For many years—during the pontificates of John Paul II and Benedict XVI—worried Catholics like me wished that the Holy See would intervene to fix the damage caused by liberal American bishops. Now the roles are reversed, and I pray that our bishops, joining with bishops of other countries, will step in to guard the universal Church from the increasingly erratic leadership of Pope Francis.
Bishops are understandably loath to acknowledge serious divisions in the Church, and rightly reluctant to criticize the Roman Pontiff. But in any household, when the father’s behavior is causing serious harm to the family and even to himself, the most loyal and respectful of children realize that the time has come for an intervention.

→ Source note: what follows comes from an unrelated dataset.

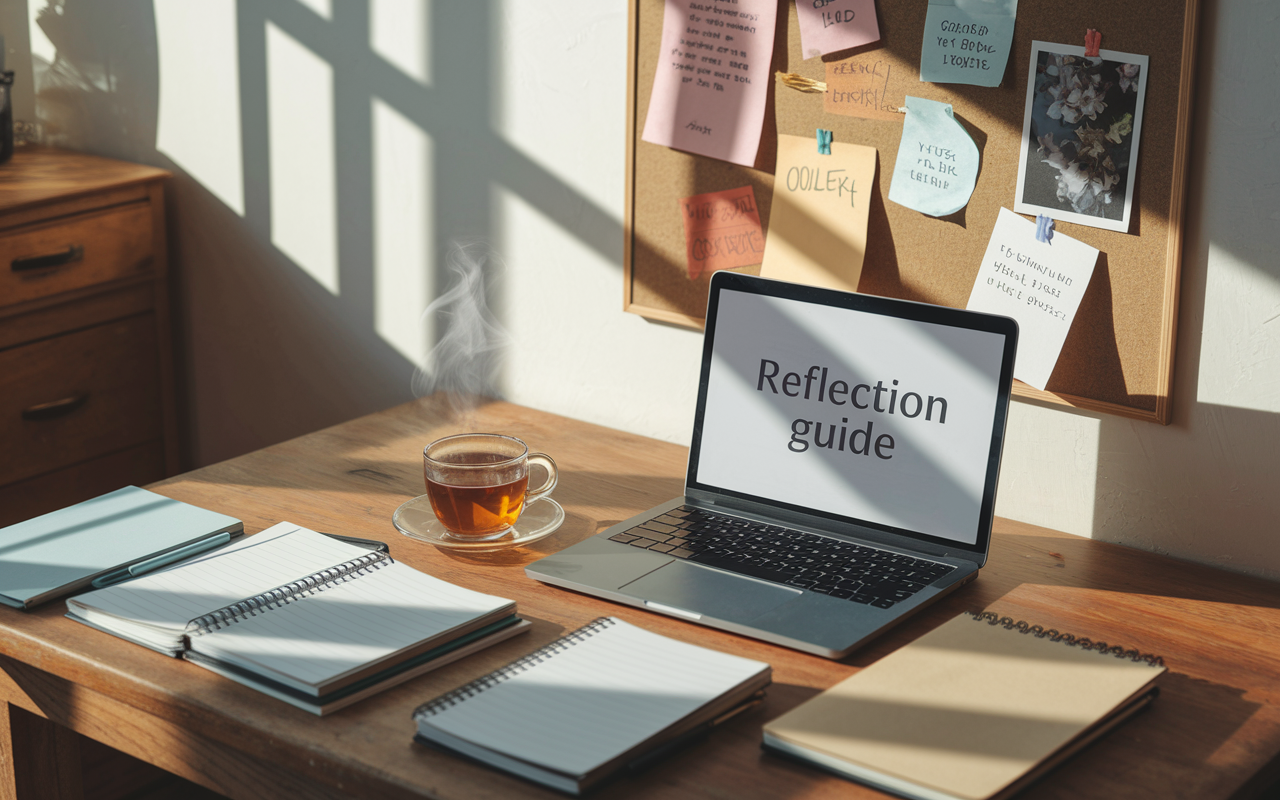 A cozy, sunlit room with a wooden table covered in journals, a laptop open to a reflection guide, and a steaming cup of herbal tea on the side. A vision board is pinned to a wall, decorated with notes, quotes, and images that represent dreams and goals. The warm, inviting colors enhance a motivational atmosphere, with soft shadows cast by afternoon sunlight streaming through a nearby window.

Any doubt in my mind that that time has come was erased when I read this powerful opening paragraph of a Catholic Thing column by my friend Robert Royal, summarizing an unusually chaotic sequence:
In the past week or so, the pope has: praised “that great imperial Russia” for its noble culture and humanity (a remark later admitted to be “badly phrased”); lauded Genghis Khan’s blood-soaked empire for its religious tolerance and “pax mongolica” (40 million killed, give or take); encouraged Chinese Christians to be good citizens of a nation whose “culture” he greatly admires and whose government is, he says, “very respectful” towards the Church (other views abound); shied away from saying anything more about Nicaragua where the Ortegas are basically outlawing Catholicism and a bishop has been sentenced to 26 years in jail; and denounced worried Catholics, especially American Catholics, for their criticism of—well—many things, but especially “politicizing” the upcoming Synod on Synodality, and embracing rigid and empty “ideologies” instead of following the living doctrine of the Faith.
Anyone who loves the Catholic Church must be concerned about a Pontiff who manages to offend so many different groups of people in the course of one week by a series of ill-considered statements. But the problems of this disastrous papacy run much deeper. For more than a decade now, Pope Francis has been causing confusion among the faithful on matters of faith and morals. With a liberal cadre of prelates committed to “irreversible change,” and the upcoming Synod on Synodality providing their opportunity, our ailing Church sorely needs a strong infusion of clarity.